While I was spending yesterday morning fiddling with Patreon — big thanks to everyone who signed up for that already, btw, it was a big enough success that I had to reorder more fridge magnets — the Knoxville News Sentinel did what I am constantly clamoring for news outlets to do, which is to ask the tough questions about a stadium deal and consult with some experts to provide context and analysis. And the News Sentinel brought in two excellent ones, asking University of Colorado economist Geoffrey Propheter and University of Chicago public finance professor Justin Marlowe to vet the projections that a new $74.5 million Tennessee Smokies stadium would actually cost the state and city less than $5 million total, thanks to rising sales tax revenues that would lift all boats by the 10th year of the project.
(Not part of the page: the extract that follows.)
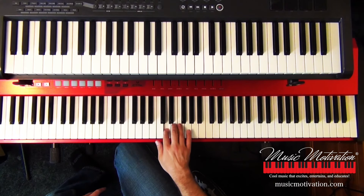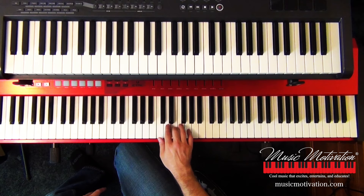What if I call that random numbers? One, three, two, four. One again is C. Three is E. Two is D. And four would be F. You can write down random numbers one through five on a piece of paper and then try playing them.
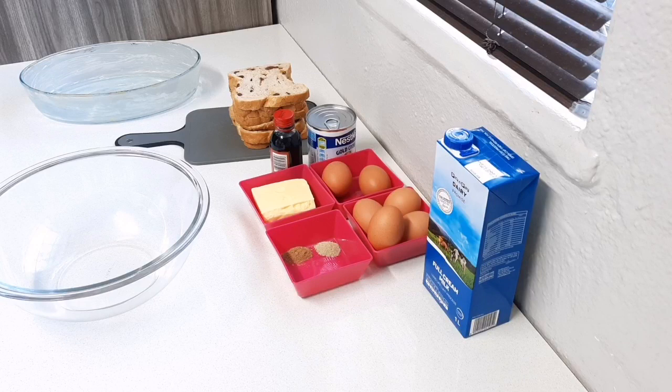Hi guys, welcome back to my channel. I hope everybody's doing well. It's really cold in Cape Town today, so I'm making a bread and butter pudding. Please give this video a like — I would really appreciate it. Subscribe if you haven't already.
Unfortunately, the math is pretty involved here, and the News Sentinel’s report isn’t entirely clear about mixing fiscal apples and oranges. So here’s my best attempt at an explainer of their explainer, with an assist from Propheter (who is not responsible for what I am writing below, I just checked in with him on some of the underlying numbers):
How is that $74.5 million stadium price tag supposed to be paid off? As discussed here previously, Tennessee Gov. Mike Lee has allocated $13.5 million in state funds, leaving a $61 million gap. The News Sentinel says that this will cost $3.2 million a year for the city and county to pay off, which would be about a 3.25% interest rate, which, sure, that’s conceivable in this day and age, though not worth betting the farm on.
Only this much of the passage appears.